Cage, on the other hand, knows exactly what he’s doing: he’s comedic but somehow not funny, operatic but not tragic. Peter Loew can’t be a sympathetic figure, not after he spends most of the film berating and assaulting his poor secretary (Maria Conchito Alonso) before killing an unsuspecting girl in a night club; yet his death also doesn’t feel like deserved comeuppance because he somehow senses that he must be extinguished, going so far as to fashion his own stake. He’s a martyr, only his gospels involve boardroom misogyny banal office chit-chat. For him, love is a battlefield he expects to dominate; when those expectations go unmet, he rages with the petulance of a thwarted teenage boy, his only ammunition hormones and misguided entitlement.

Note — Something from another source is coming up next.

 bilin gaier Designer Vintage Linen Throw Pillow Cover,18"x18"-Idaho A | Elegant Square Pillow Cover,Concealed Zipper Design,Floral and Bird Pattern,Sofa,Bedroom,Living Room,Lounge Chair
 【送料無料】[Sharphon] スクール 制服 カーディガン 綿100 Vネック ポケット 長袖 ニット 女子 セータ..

What a strange snapshot of the 80s this is. Save for some musical and fashion flourishes, it doesn’t extensively mark itself like many of its contemporaries, but there’s no mistaking the vapidity of the culture on display, nor is the subtext all that subtle. Loew is a corporate bloodsucker preying on those below him, particularly women. Director Robert Bierman doesn’t dwell on this with a heavy hand and allows visual cues—such as the contrast between Loew’s chic apartment and his secretary’s more humble abode—to suffice. He also deftly observes Cage's performance like the cult object it was destined to become: when he becomes truly unhinged, the director simply pushes in on his face and allows his actor's antics to engulf the frame.

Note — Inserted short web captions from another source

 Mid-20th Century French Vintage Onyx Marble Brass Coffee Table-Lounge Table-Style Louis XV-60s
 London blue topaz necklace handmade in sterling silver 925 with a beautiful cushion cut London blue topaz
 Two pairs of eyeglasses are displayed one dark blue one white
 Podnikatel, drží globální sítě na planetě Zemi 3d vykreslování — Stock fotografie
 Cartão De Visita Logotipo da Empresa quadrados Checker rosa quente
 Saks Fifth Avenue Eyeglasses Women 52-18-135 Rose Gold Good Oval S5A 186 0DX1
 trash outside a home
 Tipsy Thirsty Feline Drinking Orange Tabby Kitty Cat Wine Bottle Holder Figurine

Bierman’s New York becomes slightly ethereal, particularly when Loew begins to rant and rave in its conspicuously vacant streets. Peculiarity surrounds him throughout in the form of bizarre street performers and odd art deco, but the final 20 minutes or so (which essentially yield to Cage’s one-man show) feel especially phantasmagoric. It contributes to the film’s slight sense of ambiguity: whether or not Loew’s succubus actually exists is never confirmed, though you tend to suspect she’s a delusional product of psychoanalysis gone awry. For much of the film, Loew seems like an impossible figure summoned from another plane of existence. When Vampire’s Kiss starts to approach his absurdist wavelength, you see it for the unreal rabbit hole plunge that it is.
For years, I’ve considered Fright Night, Near Dark, and The Lost Boys to be the unshakeable triumvirate of 80s vampire films. However, time has been exceptionally kind to Vampire’s Kiss, which at least earns a spot in the conversation these days. Cage’s performance—which is also literally bugnuts, seeing as how he actually devours a live cockroach—puts it there on its own. Its complete subversiveness makes a more complete case: the 80s may have pushed Hollywood’s towards embracing homogenized product, but Vampire’s Kiss is a daring outlier in its sardonic portrayal of phony alpha males.
Naturally, it didn’t exactly find an audience in 1988, though it has become a cult item during its home video lifespan. While Scream Factory’s decision to pair it with High Spirits on a Blu-ray double feature will do little to readjust expectations for the uninitiated, it should reignite the torch for its adherents. The disc ports over Bierman and Cage’s audio commentary from its DVD release and the film’s trailer in addition to upgrading the presentation to high-definition. It’s definitely going to be an invaluable artifact someday, if only because it preserves one of cinema’s most outlandish and unforgettable performances.
If only we could be there when some far-flung generation exhumes it to their complete astonishment; for now, we'll have to settle for exposing it to our friends, whose bewilderment will continue to validate its existence for years to come. Buy it!